【戦争】復讐という名の八つ当たりが、世界を滅ぼす
晋子(しんこ)@思想家・哲学者
過去の大戦の当事者ではない我々には『戦争』を終わらせるチャンスがある!
私たちは戦争という名の“怒りの相続制度”を、終わらせなければならない。
戦争は、正義の行為だろうか。
あるいは、歴史的な必然か。
それとも、単なる資源の争奪か。
人は、戦争の理由をいくつもの言葉で説明してきた。
だが私は、戦争の本質はもっと単純なところにあると思っている。
それは「感情」だ。
とりわけ、根深く、忘れがたく、そして制御しがたい感情──怒り。
人は奪われたとき、怒る。
愛する人を殺されたとき。
自分の国が侮辱されたとき。
文化や言葉を否定されたとき。
その怒りは、当然であり、時に「正義」にも見える。
誰もが共感しやすく、正当化しやすい感情だ。
だが、問題はその“怒りの行き先”だ。
実は多くの場合、怒るべき相手は、すでにこの世にいない。
家族を殺されたときの敵兵は、もう別の戦地に行っているか、戦死している。
町を焼いた指導者は退任し、別の人物が政権を担っている。
過去の侵略国家の面々は代替わりし、その当時の軍人も、歴史の中で静かに名を失っている。
それでも、怒りは消えない。
むしろ、時間が経ってもなお、怒りだけが残ってしまう。
そしてその怒りは、次の世代へと向けられる。
「彼らの国の子どもたちに思い知らせろ」
「我々が受けた屈辱を、彼らに味わわせろ」
「忘れてはならない。これは復讐だ」
本来怒るべきだった相手ではなく、関係のない子どもや若者たちが、その怒りの矛先にされてしまう。

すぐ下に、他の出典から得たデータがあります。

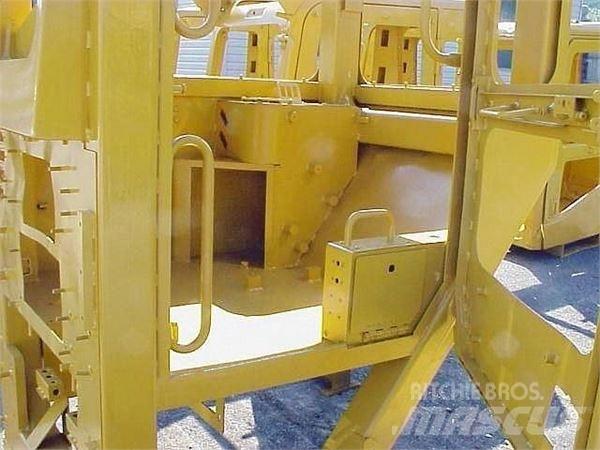 CAT  Cabine e interni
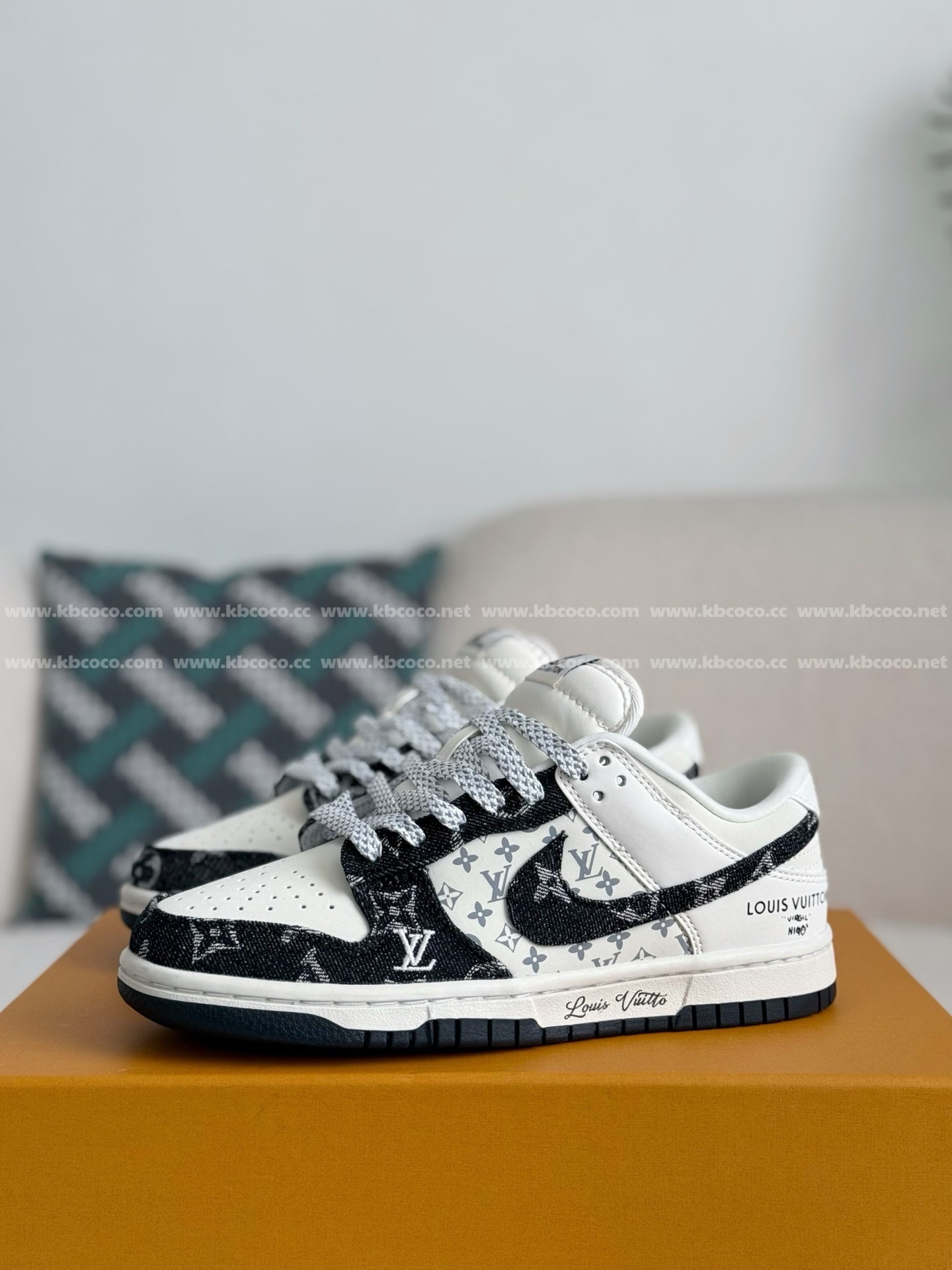【#5201】 LOUIS VUITTON x Nike DunkCasual Sneakers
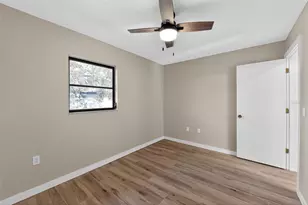 4072 King Richard Dr, Sarasota, FL 34232 - Photo 20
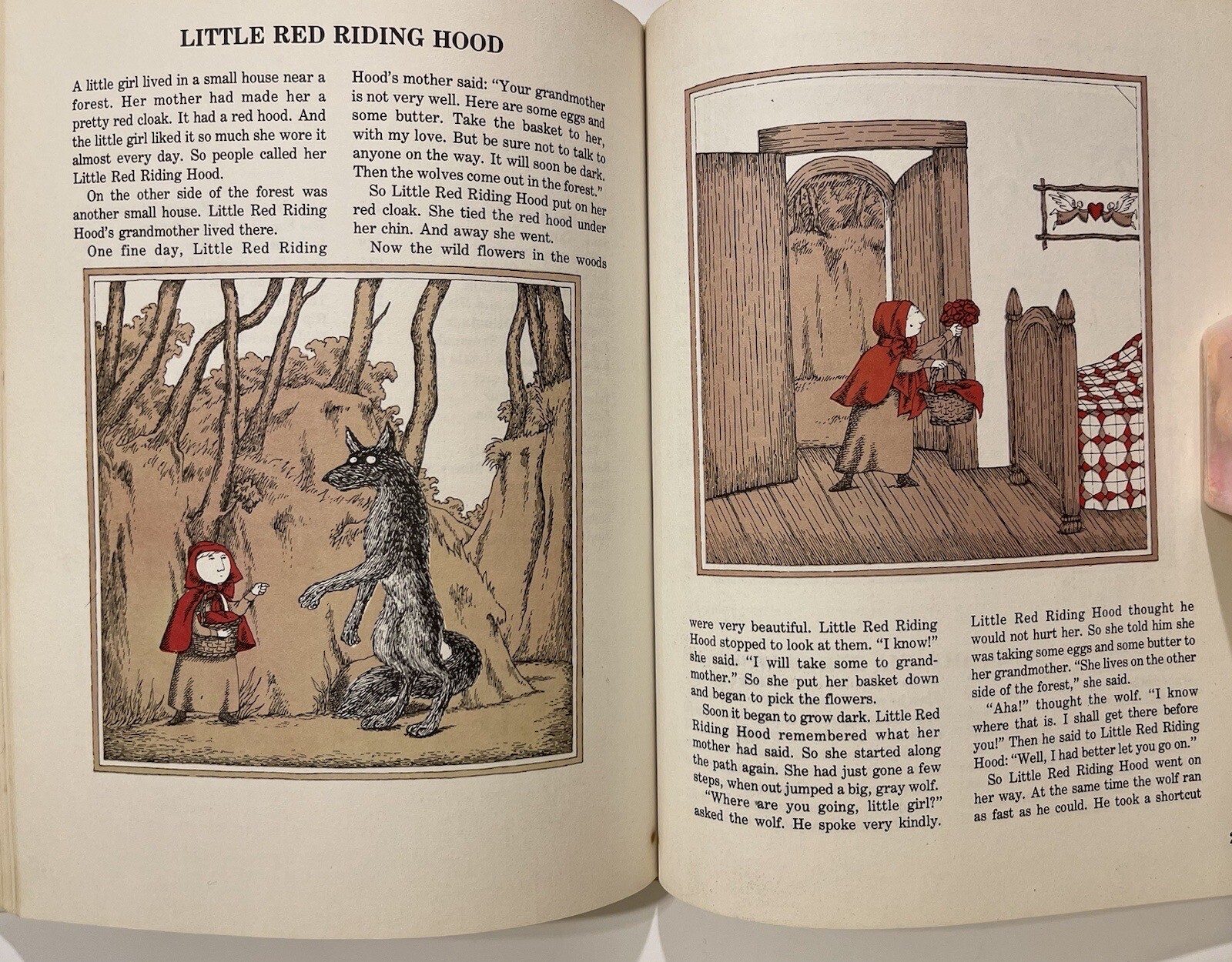 MY STORYBOOK DICTIONARY 349 Pages Hardcover VINTAGE 1974/1977 Grolier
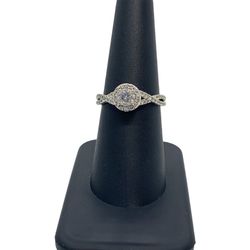 14K White Gold and Diamond Women's Engagement Ring Size 7, 3.5 Grams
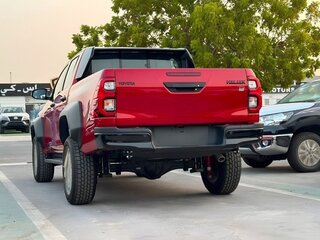 2026 Toyota Hilux VIII Рестайлинг 2, красный, 9752999 рублей, вид 3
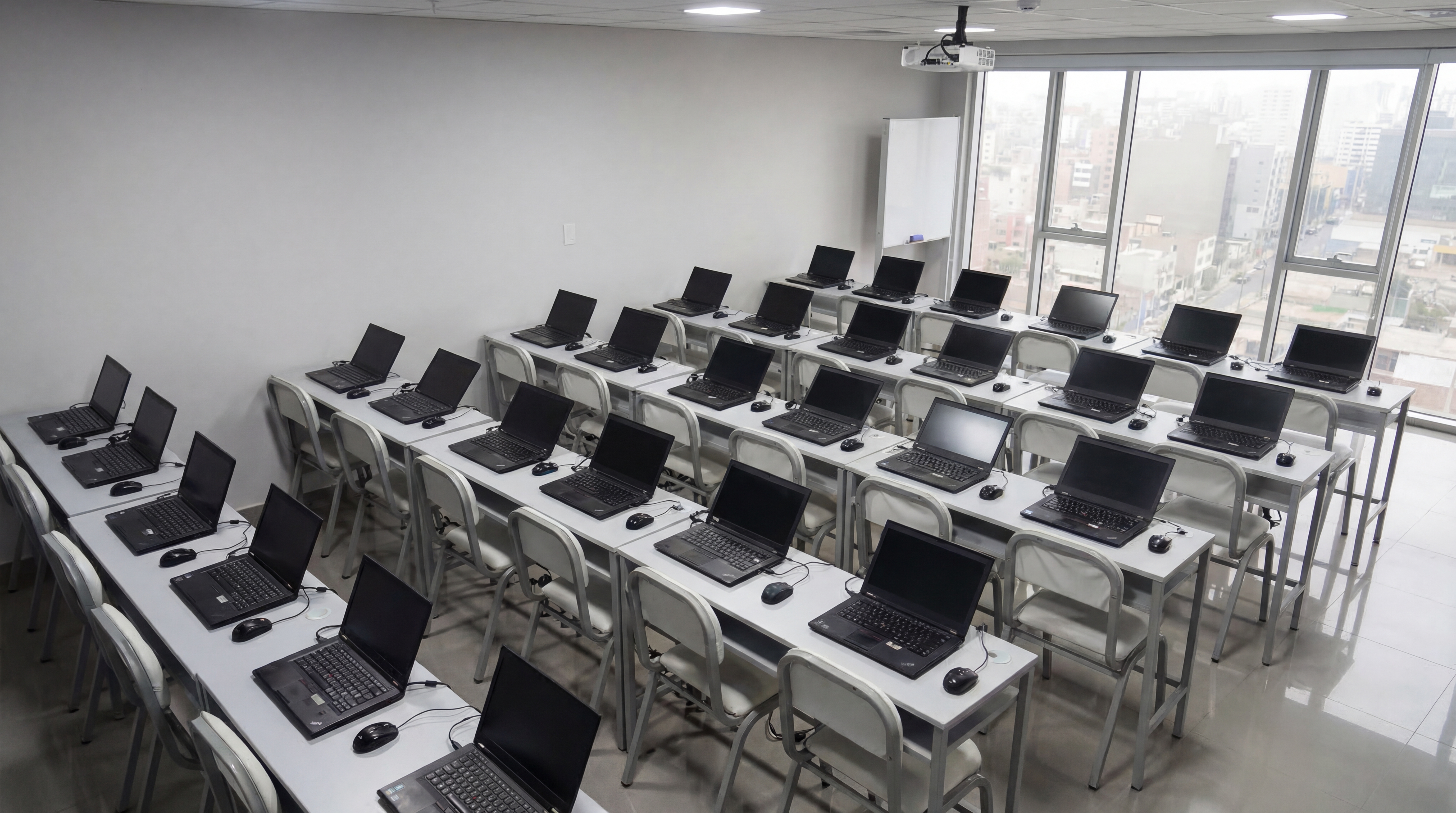 Aula con laptops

無関係なはずの未来の人々が、過去の恨みを背負わされる。
そしてその怒りを受けた側も、当然、傷つき、怒る。
「自分たちはやられた」「自分たちこそが被害者だ」
そうやって、彼らもまた、自らの子どもたちに怒りを継がせる。
これが、戦争という名の「怒りのバトン」だ。
これは単なる歴史の連鎖ではない。
感情の連鎖であり、感情の遺産であり、怒りという“負の感情の相続”に他ならない。
もはや戦争とは、「正義の名を借りた怒りの八つ当たり」であり、
「本当に怒るべき相手がいないまま続く、感情の儀式」なのではないか。
この構造を放置する限り、戦争は終わらない。
なぜなら、「復讐」は実現されないからだ。
復讐したい相手は、もういない。
だが、怒りだけは残ってしまった。
そして、人間はその怒りを持て余してしまう。
だから、手っ取り早い“代償”として、無関係な誰かに怒りをぶつける。
「同じ国の出身だから」「あの宗教だから」「あの文化圏だから」
そうやって、戦争の火は次の世代に着火されていく。
そのとき使われる言葉がある。
「忘れてはならない」
「決して許すな」
「我々の恨みを忘れるな」
その言葉たちは、確かに記憶を大切にするものだ。
だが同時に、怒りを延命させる呪文でもある。
だからといって、「すべてを忘れろ」とは言わない。
「完全に許せ」とも言わない。
そんなことを一方的に押しつけるのもまた暴力だ。
ただ一つ、大切なことがある。
「今の自分が何に怒っているのか?」
「その怒りの相手は、本当に今ここにいるのか?」
これを問い直すことだけは、誰にでもできるはずだ。
怒りを持つな、とは言わない。
怒りに流されるな、ということだ。
怒りは感情として自然なものだが、それをどう扱うかは、理性の領域だ。
人間には、怒りに飲まれずに立ち止まる力がある。
その力を発揮するとき、人はようやく「復讐しない自由」を得られる。
「戦わないという選択」を持てるようになる。
もし今の私たちが、過去の大戦の当事者でないのなら。
私たちの手には、「戦争を終わらせるチャンス」が、最後に残っているのかもしれない。
怒りを継がないという選択。
それこそが、未来を変える本当の勇気ではないか?
復讐という八つ当たりを、そろそろ終わりにしよう。
怒りのバトンを、ここで落とそう。
その瞬間からきっと、平和は始まるのだから。